Utils & Metrics¶
_clip¶
- pyldl.algorithms.utils._clip(func)¶
_reduction¶
- pyldl.algorithms.utils._reduction(func)¶
binaryzation¶
- pyldl.algorithms.utils.binaryzation(D: ndarray, method='threshold', param: any = None) ndarray ¶
Transform label distribution matrix to logical label matrix.
- Parameters:
D (np.ndarray) – Label distribution matrix (shape: \([n,\, l]\)).
method ({'threshold', 'topk'}, optional) –
Type of binaryzation method, defaults to ‘threshold’. The options are ‘threshold’ and ‘topk’, which can refer to:
[BIN-KWT+24]Zhiqiang Kou, Jing Wang, Jiawei Tang, Yuheng Jia, Boyu Shi, and Xin Geng. Exploiting multi-label correlation in label distribution learning. In Proceedings of the International Joint Conference on Artificial Intelligence, 4326–4334. 2024. URL: https://doi.org/10.24963/ijcai.2024/478.
param (any, optional) – Parameter of binaryzation method, defaults to None. If None, the default value is .5 for ‘threshold’ and \(\lfloor l / 2 \rfloor\) for ‘topk’.
- Returns:
Logical label matrix (shape: \([n,\, l]\)).
- Return type:
np.ndarray
kl_divergence¶
- pyldl.algorithms.utils.kl_divergence(D, D_pred)¶
Kullback-Leibler divergence. It is defined as:
\[\text{KLD}(\boldsymbol{u}, \, \boldsymbol{v}) = \sum^l_{j=1}u_j \ln \frac{u_j}{v_j}\text{.}\]
pairwise_cosine¶
- pyldl.algorithms.utils.pairwise_cosine(X: ndarray | Tensor, Y: ndarray | Tensor | None = None, mode: str = 'similarity') ndarray | Tensor ¶
Pairwise cosine distance/similarity.
- Parameters:
X (tf.Tensor) – Matrix \(\boldsymbol{X}\) (shape: \([m_{\boldsymbol{X}},\, n]\)).

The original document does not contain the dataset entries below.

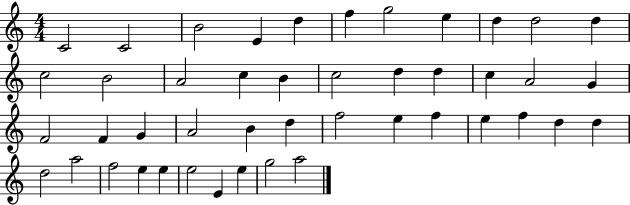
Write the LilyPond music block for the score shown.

{
  \clef treble
  \numericTimeSignature
  \time 4/4
  \key c \major
  c'2 c'2 | b'2 e'4 d''4 | f''4 g''2 e''4 | d''4 d''2 d''4 | \break c''2 b'2 | a'2 c''4 b'4 | c''2 d''4 d''4 | c''4 a'2 g'4 | \break f'2 f'4 g'4 | a'2 b'4 d''4 | f''2 e''4 f''4 | e''4 f''4 d''4 d''4 | \break d''2 a''2 | f''2 e''4 e''4 | e''2 e'4 e''4 | g''2 a''2 | \break \bar "|."
} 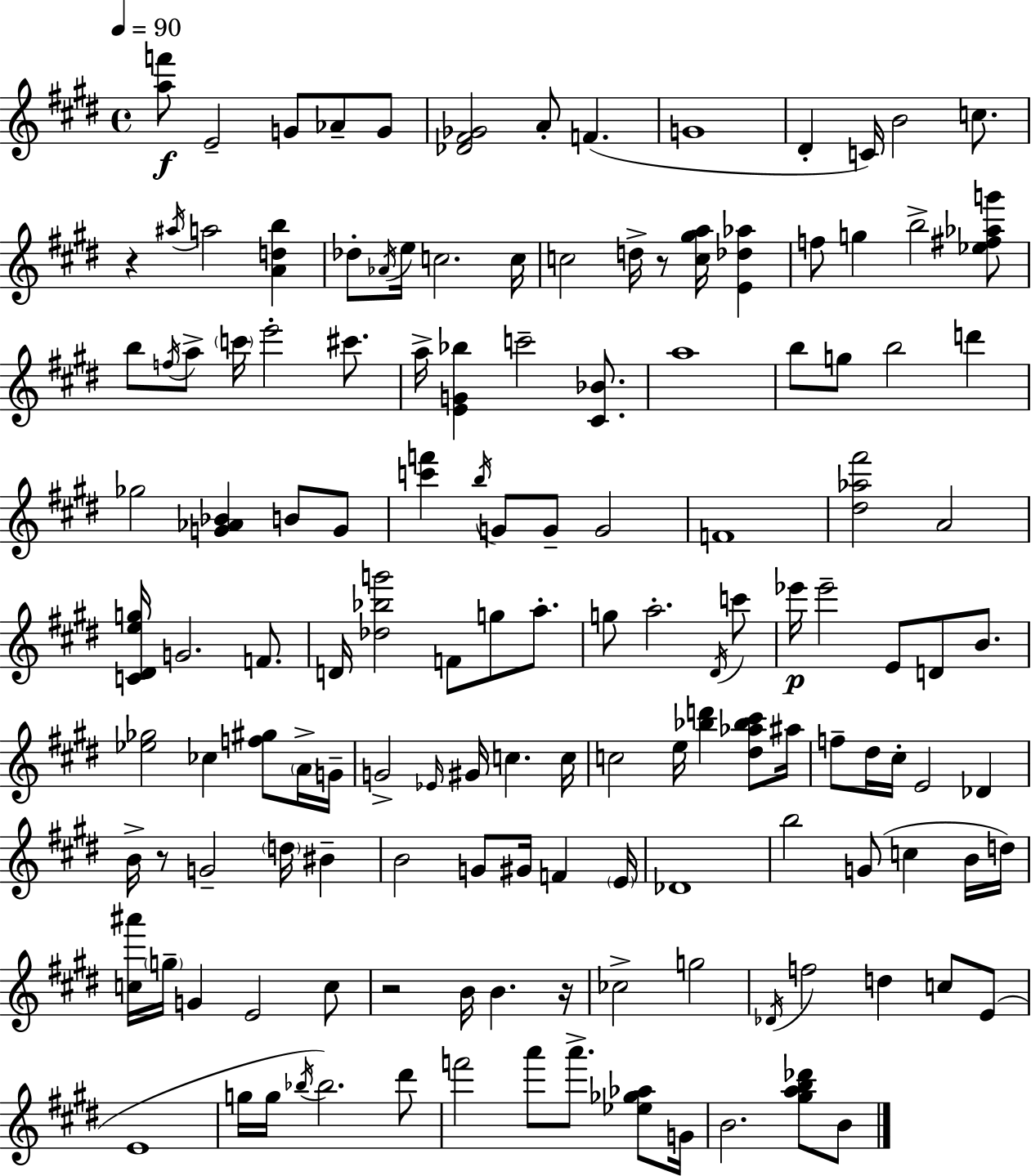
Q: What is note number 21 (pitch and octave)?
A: F5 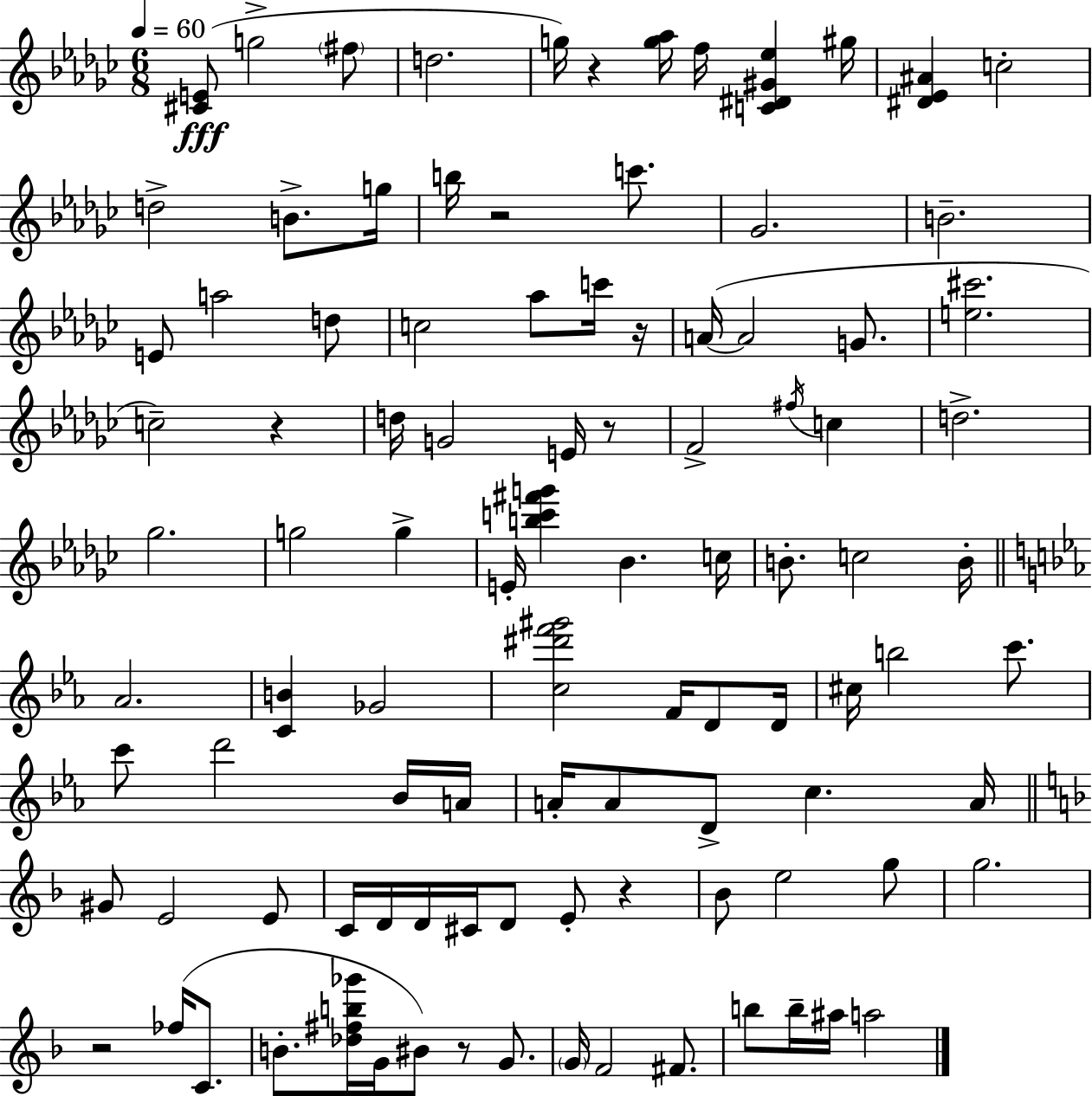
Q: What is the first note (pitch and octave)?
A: G5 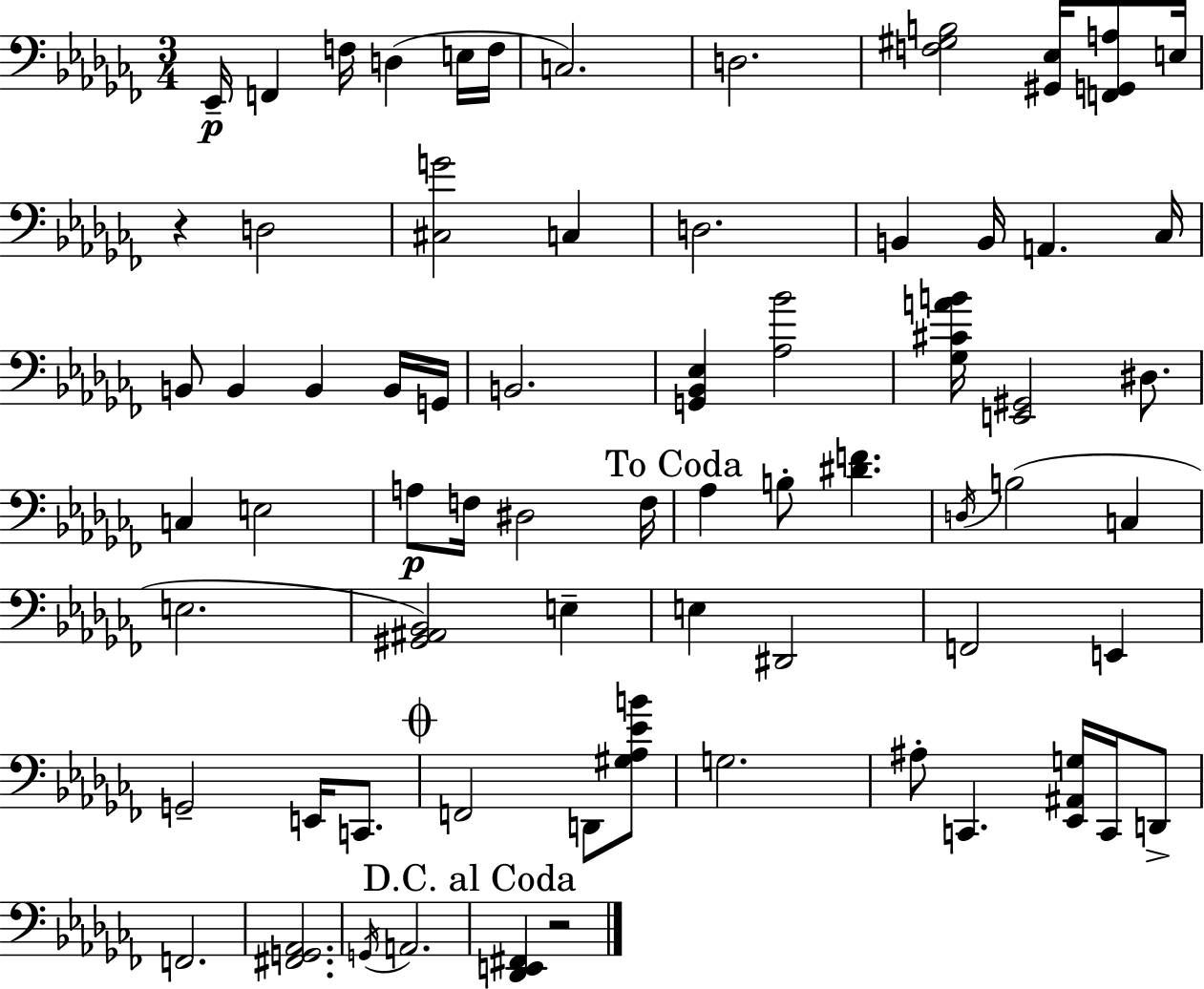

Y (tf.Tensor) – Matrix \(\boldsymbol{Y}\) (shape: \([m_{\boldsymbol{Y}},\, n]\)).
mode (str) – Defaults to ‘similarity’. The options are ‘similarity’ and ‘distance’.
- Returns:
Pairwise cosine similarity (shape: \([m_{\boldsymbol{X}},\, m_{\boldsymbol{Y}}]\)).
- Return type:
tf.Tensor
pairwise_euclidean¶
- pyldl.algorithms.utils.pairwise_euclidean(X: ndarray | Tensor, Y: ndarray | Tensor | None = None) ndarray | Tensor ¶
Pairwise Euclidean distance.
- Parameters:
X (Union[np.ndarray, tf.Tensor]) – Matrix \(\boldsymbol{X}\) (shape: \([m_{\boldsymbol{X}},\, n]\)).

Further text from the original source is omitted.